Non l’ho detto nell’articolo degli 11 punti ma lo ammetto ora. Uno che sta già scrivendo quasi del tutto come intendo io è Marco Benbow. Prendete una qualsiasi recensione del suo blog Cineraglio. In particolare vi consiglio di leggere quella di Trauma di Dario Argento. Se il film vi entusiasma poco, dopo la recensione avrete molti spunti da smaltire lo stesso.
Marco non stronca, non vuole portare nessuno dalla propria parte: documenta, si documenta, racconta NON si racconta. Soprattutto sceglie in base al proprio interesse, alle proprie ossessioni e non secondo la data di uscita o perché tutti i blog ne parlano e fanno visite e like su Facebook. Non si occupa di un solo genere, ulteriore indice di genuinità. Si occupa di un tipo di film comunque ascrivibile a un sentimento, a una visione ossessiva e molto personale: un misto di potenzialità inespresse, volgarità giustificata e vitalismo commerciale e narrativo. Ama la serie B e i film bistrattati ma non solo. Passa da Bertolucci a Jesus Franco fino ad Alex l’Ariete. Il solo difetto di Marco trovo sia l’eccessivo sospetto verso un certo cinema autoriale astruso e pretenzioso, ma ognuno combatte le proprie battaglie. Soprattutto però, ogni volta che Marco sceglie un titolo io avverto che c’è una continuità e non è lontana per me la tendenza a definire cineraglico un titolo che mi faccia pensare a lui e alle sue recensioni.

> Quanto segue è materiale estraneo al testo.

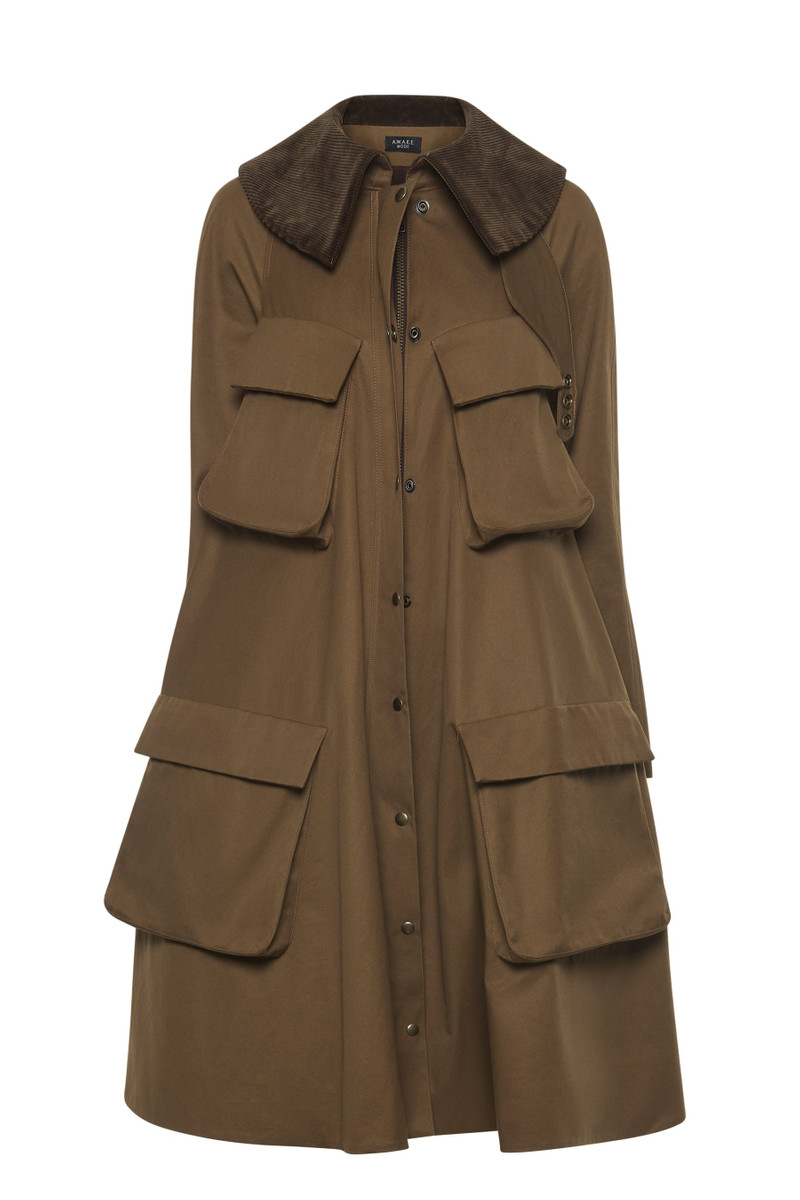 LONG FLARED TRENCH WITH POCKETS KHAKI BROWN 16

Prima ho pure detto di Lucia Patrizi. Non vorrei essere frainteso, io la stimo. Trovo anzi che alcune delle cose scritte nel suo blog Ilgiornodeglizombi siano favolose e in linea con quanto io vorrei che fosse più frequente in giro. Prendete la rece di Carnival Of Souls o ancora meglio quella di The Innkeapers. In entrambi i casi c’è sia una dichiarazione forte di quello che Lucia predilige in un film e va bene, ma soprattutto ci sono momenti di grande ossessività e che arricchiscono sul serio la visione di chiunque.
Peccato che perda tempo ancora a scrivere di film che non sopporta e titoli “nuovi nuovi” di cui è “necessario” parlare. Soprattutto per le stroncature racchiuse in un solo articolo cumulativo intitolato Lammerda, la sua fatica è destinata per lo più a far sghignazzare i propri lettori ma rappresenta uno spreco di tempo e un logoramento costante per lei, che nessuno le risarcirà mai. Anche perché la sua scrittura cresce e convince quando si pronuncia su qualcosa che le è piaciuto sul serio mentre sullo sfottò irrancidisce in una boria compiaciuta.